TASK OBJECTIVE -
Look through the records below for the line with "182 Rowley Gate Nw, Calgary, AB - Indoor". Return that line and each one after it up to and including the line with "Photo of the", exactly.

*** INPUT FOR THIS TASK Section Begins ***

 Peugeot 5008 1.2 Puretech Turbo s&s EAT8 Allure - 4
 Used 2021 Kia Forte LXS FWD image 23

*** INPUT FOR THIS TASK Section Ends ***
*** INPUT FOR THIS TASK Section Begins ***

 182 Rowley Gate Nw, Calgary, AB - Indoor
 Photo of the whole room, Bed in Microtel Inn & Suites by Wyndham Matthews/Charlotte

*** INPUT FOR THIS TASK Section Ends ***

RESULT FOR THIS TASK -
 182 Rowley Gate Nw, Calgary, AB - Indoor
 Photo of the whole room, Bed in Microtel Inn & Suites by Wyndham Matthews/Charlotte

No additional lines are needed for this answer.